La première vague du féminisme est indissociable des aspirations libérales qui marquent la fin du 18ᵉ et le 19ᵉ siècle. Elle s’inscrit dans le prolongement des espoirs portés par les révolutions politiques de l’époque, notamment autour des idées de liberté, d’égalité et de citoyenneté.

Dans ce contexte, les revendications féministes émergent en parallèle d’autres luttes sociales. En Europe comme aux États-Unis, elles concernent notamment l’accès au droit de vote et à une citoyenneté pleine et entière. Elles se croisent parfois avec d’autres combats, comme la lutte contre l’esclavage, la critique de l’institution du mariage ou encore la dénonciation des inégalités dans la sphère familiale.

Cependant, ces mouvements ne sont pas homogènes. Une partie des revendications est portée principalement par des femmes issues de la bourgeoisie, dont les priorités ne représentent pas toujours les réalités vécues par les femmes des classes populaires.

Après le suffrage : un essoufflement relatif

Une fois le droit de vote acquis dans plusieurs pays, une partie des militantes cesse de s’engager activement. Celles qui poursuivent la lutte se concentrent alors sur d’autres enjeux : l’accès à la contraception, l’ouverture de certaines professions aux femmes ou encore l’égalité dans l’éducation.

Le mouvement connaît toutefois un ralentissement relatif. Il faudra attendre l’après-Seconde Guerre mondiale pour que le féminisme se réorganise de manière plus visible, donnant naissance à ce que l’on appellera plus tard la deuxième vague.

La théorie

À la fin du XVIIIᵉ siècle, deux figures majeures posent les bases théoriques des revendications féministes : Olympe de Gouges en France et Mary Wollstonecraft en Angleterre.

Dans le monde anglophone, la réflexion initiée par Wollstonecraft est poursuivie notamment par Harriet Taylor Mill et John Stuart Mill. Leur pensée s’inscrit dans le courant du libéralisme politique et économique qui se développe alors : l’individu devient l’unité fondamentale de la société, et son rôle ne devrait pas dépendre de son genre.
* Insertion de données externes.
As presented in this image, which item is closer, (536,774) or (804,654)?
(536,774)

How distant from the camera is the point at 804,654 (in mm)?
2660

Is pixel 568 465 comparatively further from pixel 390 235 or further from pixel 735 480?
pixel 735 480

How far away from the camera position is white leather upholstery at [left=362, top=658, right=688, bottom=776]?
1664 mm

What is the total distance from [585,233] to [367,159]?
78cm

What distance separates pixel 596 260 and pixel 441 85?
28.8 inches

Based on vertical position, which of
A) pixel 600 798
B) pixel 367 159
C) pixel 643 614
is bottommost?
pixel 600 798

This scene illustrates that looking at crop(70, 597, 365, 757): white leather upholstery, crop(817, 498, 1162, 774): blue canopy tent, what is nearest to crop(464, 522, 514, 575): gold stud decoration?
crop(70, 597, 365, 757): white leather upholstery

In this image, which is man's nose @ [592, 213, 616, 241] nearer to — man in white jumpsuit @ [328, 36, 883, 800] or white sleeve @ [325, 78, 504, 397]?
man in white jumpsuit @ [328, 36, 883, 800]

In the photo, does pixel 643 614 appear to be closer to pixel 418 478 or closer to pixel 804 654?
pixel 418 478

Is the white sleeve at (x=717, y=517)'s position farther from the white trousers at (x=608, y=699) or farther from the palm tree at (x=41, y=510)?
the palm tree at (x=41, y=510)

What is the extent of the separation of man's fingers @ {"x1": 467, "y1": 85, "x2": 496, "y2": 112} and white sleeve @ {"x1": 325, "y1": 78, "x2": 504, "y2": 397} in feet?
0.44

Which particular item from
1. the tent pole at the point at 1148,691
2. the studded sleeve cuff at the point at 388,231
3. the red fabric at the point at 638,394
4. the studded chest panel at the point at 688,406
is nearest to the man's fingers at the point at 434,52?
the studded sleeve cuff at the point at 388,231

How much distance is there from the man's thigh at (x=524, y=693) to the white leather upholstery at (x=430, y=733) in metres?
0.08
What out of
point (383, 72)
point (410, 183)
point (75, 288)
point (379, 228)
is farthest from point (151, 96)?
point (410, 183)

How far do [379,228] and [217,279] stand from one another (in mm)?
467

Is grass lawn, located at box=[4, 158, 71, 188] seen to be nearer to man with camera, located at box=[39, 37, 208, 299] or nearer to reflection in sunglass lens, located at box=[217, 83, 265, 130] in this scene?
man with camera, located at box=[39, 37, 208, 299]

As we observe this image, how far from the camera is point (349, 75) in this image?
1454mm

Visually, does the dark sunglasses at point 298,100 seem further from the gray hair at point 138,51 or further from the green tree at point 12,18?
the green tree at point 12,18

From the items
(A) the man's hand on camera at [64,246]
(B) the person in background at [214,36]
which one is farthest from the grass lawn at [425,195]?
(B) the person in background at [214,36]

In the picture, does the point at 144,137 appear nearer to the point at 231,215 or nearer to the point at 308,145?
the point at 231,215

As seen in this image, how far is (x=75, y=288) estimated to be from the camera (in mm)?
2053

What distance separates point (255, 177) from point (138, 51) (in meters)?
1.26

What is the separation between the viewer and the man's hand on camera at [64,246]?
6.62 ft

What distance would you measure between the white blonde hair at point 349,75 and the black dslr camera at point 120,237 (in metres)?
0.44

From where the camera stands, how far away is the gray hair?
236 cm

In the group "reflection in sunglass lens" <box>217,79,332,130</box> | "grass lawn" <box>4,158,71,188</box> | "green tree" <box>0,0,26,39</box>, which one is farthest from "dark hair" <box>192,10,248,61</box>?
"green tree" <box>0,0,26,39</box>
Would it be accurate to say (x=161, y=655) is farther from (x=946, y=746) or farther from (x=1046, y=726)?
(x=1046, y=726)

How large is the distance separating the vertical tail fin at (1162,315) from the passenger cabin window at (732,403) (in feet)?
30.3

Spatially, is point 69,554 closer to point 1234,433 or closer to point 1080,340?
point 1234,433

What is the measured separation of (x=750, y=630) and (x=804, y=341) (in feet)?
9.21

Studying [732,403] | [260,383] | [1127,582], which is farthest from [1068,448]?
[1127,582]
Dans son essai The Enfranchisement of Women, Harriet Taylor Mill critique la place assignée aux femmes dans la sphère domestique. Selon elle, cette assignation est l’un des fondements de l’inégalité entre les sexes, car elle entraîne une dépendance économique vis-à-vis du mari. L’inégalité ne serait donc pas naturelle, mais produite par l’organisation sociale.
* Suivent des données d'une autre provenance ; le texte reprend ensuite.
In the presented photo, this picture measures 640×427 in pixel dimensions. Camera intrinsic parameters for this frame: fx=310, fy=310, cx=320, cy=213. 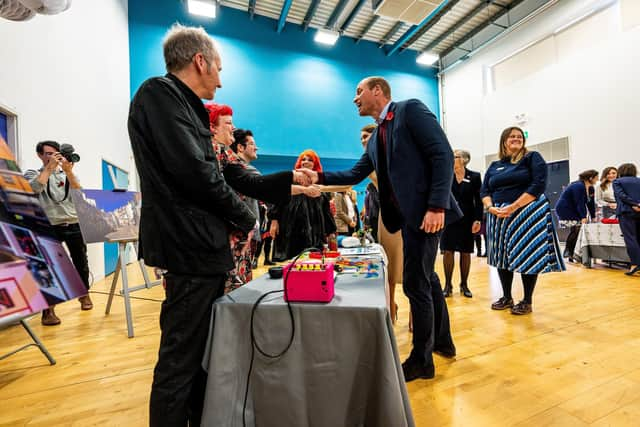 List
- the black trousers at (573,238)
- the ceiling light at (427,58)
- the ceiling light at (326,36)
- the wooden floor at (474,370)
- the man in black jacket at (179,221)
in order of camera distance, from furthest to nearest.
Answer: the ceiling light at (427,58) < the ceiling light at (326,36) < the black trousers at (573,238) < the wooden floor at (474,370) < the man in black jacket at (179,221)

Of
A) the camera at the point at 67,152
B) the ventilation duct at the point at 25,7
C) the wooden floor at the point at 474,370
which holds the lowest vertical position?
the wooden floor at the point at 474,370

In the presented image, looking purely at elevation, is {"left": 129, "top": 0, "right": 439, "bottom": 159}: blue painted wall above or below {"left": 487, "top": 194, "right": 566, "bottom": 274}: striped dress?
above

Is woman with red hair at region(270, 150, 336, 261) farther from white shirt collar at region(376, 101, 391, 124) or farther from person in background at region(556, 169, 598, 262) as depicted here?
person in background at region(556, 169, 598, 262)

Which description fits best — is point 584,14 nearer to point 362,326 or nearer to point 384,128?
point 384,128

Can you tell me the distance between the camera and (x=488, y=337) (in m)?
2.03

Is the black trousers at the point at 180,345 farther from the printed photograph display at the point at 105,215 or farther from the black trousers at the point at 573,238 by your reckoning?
the black trousers at the point at 573,238

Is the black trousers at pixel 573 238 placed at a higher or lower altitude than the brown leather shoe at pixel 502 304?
higher

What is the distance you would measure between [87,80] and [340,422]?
212 inches

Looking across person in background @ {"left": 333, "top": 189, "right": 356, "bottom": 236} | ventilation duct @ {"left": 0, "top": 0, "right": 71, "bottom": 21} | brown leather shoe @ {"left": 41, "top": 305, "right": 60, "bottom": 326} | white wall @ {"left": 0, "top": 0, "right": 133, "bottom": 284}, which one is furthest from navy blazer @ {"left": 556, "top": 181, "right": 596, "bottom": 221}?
white wall @ {"left": 0, "top": 0, "right": 133, "bottom": 284}

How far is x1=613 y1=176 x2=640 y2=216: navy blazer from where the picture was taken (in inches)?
148

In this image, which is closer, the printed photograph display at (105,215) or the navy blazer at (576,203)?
the printed photograph display at (105,215)

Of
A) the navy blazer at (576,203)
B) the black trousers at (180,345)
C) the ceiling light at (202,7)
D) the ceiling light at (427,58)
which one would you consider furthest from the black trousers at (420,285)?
the ceiling light at (427,58)

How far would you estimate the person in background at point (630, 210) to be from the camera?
377 cm

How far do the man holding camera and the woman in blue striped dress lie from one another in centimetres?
352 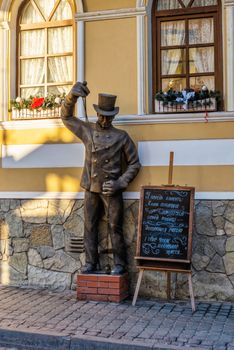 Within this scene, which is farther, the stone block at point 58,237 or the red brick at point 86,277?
the stone block at point 58,237

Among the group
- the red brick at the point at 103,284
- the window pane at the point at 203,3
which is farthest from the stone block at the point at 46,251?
the window pane at the point at 203,3

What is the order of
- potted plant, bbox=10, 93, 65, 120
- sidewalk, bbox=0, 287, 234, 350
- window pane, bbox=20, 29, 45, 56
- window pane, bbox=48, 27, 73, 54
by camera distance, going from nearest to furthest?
sidewalk, bbox=0, 287, 234, 350
potted plant, bbox=10, 93, 65, 120
window pane, bbox=48, 27, 73, 54
window pane, bbox=20, 29, 45, 56

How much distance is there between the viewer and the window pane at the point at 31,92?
306 inches

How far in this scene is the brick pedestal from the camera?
21.5 ft

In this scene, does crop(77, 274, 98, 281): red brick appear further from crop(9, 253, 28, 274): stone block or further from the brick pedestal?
crop(9, 253, 28, 274): stone block

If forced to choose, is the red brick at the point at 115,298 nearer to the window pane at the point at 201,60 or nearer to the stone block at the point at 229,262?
the stone block at the point at 229,262

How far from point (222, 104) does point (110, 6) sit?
2.05 meters

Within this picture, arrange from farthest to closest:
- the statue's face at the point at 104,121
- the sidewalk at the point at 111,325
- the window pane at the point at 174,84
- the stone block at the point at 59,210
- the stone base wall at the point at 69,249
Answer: the stone block at the point at 59,210
the window pane at the point at 174,84
the statue's face at the point at 104,121
the stone base wall at the point at 69,249
the sidewalk at the point at 111,325

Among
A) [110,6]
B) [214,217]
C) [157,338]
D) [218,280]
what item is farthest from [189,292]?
[110,6]

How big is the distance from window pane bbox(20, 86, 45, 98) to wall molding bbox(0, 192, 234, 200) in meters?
1.47

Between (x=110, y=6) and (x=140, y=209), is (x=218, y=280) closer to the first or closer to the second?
(x=140, y=209)

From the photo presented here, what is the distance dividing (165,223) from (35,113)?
2.54 m

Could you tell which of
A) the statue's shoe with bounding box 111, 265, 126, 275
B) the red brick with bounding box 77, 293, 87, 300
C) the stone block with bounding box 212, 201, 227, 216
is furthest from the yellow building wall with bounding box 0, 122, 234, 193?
the red brick with bounding box 77, 293, 87, 300

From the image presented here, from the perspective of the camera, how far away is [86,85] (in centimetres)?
700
Elle plaide ainsi pour un meilleur accès à l’éducation et pour l’intégration des femmes au marché du travail, deux conditions nécessaires à leur autonomie, sans considérer pour autant qu’elles soient incompatibles avec la vie familiale.
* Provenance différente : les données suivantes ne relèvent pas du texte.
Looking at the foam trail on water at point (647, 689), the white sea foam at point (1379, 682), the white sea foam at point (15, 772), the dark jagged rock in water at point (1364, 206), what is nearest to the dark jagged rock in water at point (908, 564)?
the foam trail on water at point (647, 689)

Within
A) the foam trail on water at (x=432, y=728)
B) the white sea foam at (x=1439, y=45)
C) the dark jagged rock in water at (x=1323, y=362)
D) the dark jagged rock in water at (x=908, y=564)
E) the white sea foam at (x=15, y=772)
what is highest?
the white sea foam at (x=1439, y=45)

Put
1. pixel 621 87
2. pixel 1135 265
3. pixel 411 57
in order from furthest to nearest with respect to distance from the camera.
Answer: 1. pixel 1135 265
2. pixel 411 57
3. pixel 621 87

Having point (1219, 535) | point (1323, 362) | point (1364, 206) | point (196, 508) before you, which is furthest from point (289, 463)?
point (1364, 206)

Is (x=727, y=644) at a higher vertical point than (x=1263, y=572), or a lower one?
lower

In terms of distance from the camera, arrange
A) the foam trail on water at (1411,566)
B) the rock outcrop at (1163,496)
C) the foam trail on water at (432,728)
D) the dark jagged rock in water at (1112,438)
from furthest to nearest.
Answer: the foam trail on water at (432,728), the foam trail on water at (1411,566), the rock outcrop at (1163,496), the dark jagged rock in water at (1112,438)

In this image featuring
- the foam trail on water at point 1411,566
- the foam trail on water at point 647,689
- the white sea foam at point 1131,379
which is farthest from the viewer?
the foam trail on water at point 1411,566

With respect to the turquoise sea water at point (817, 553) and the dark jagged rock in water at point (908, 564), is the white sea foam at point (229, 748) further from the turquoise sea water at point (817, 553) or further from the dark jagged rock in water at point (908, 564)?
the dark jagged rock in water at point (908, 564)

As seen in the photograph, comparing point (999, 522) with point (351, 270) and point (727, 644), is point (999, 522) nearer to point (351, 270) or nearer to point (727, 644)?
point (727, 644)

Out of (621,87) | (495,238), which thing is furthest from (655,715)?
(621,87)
Cette philosophie libérale constitue l’un des socles de la première vague féministe. Le droit de vote devient alors une revendication centrale : puisqu’il permet la représentation politique, il apparaît comme un levier indispensable pour transformer la société.

Toutefois, la question de savoir si le suffrage est suffisant pour garantir l’égalité suscite déjà des débats au sein du mouvement. D’autant que cette revendication, formulée dès la fin du 18ᵉ siècle, ne commence à aboutir qu’au début du 20ᵉ siècle, après plus d’un siècle de mobilisation. Cette longue attente explique en partie la radicalisation progressive de certaines formes d’action militante.

La pratique

On considère souvent aujourd’hui que la Convention de Seneca Falls, organisée dans l’État de New York durant l’été 1848, marque le point de départ officiel du mouvement féministe organisé aux États-Unis.

Initiée par Lucretia Mott et Elizabeth Cady Stanton, rejointes par Martha Wright, Jane Hunt et Mary Ann McClintock, cette rencontre rassemble environ 300 participant·es. Elle débouche sur la rédaction de la Déclaration des sentiments, inspirée de la Déclaration d’indépendance.

Le texte réclame la fin de toutes les discriminations fondées sur le sexe et affirme notamment :

« L’histoire de l’humanité est une histoire de fautes et d’usurpations répétées de la part de l’homme à l’endroit de la femme, ayant pour objectif l’établissement d’une tyrannie absolue sur elle. »
(traduction libre)

68 femmes et 32 hommes signent le document, soit environ un tiers des personnes présentes. Ce taux relativement faible s’explique notamment par le caractère radical des revendications formulées.

Bien que cet événement soit aujourd’hui considéré comme fondateur, il s’inscrit dans un ensemble plus large d’initiatives et de mobilisations qui lui sont antérieures.

Pour aller plus loin

L’histoire de la première vague féministe est extrêmement vaste et a fait l’objet d’une abondante littérature. Un seul article ne peut évidemment pas en rendre compte de manière exhaustive.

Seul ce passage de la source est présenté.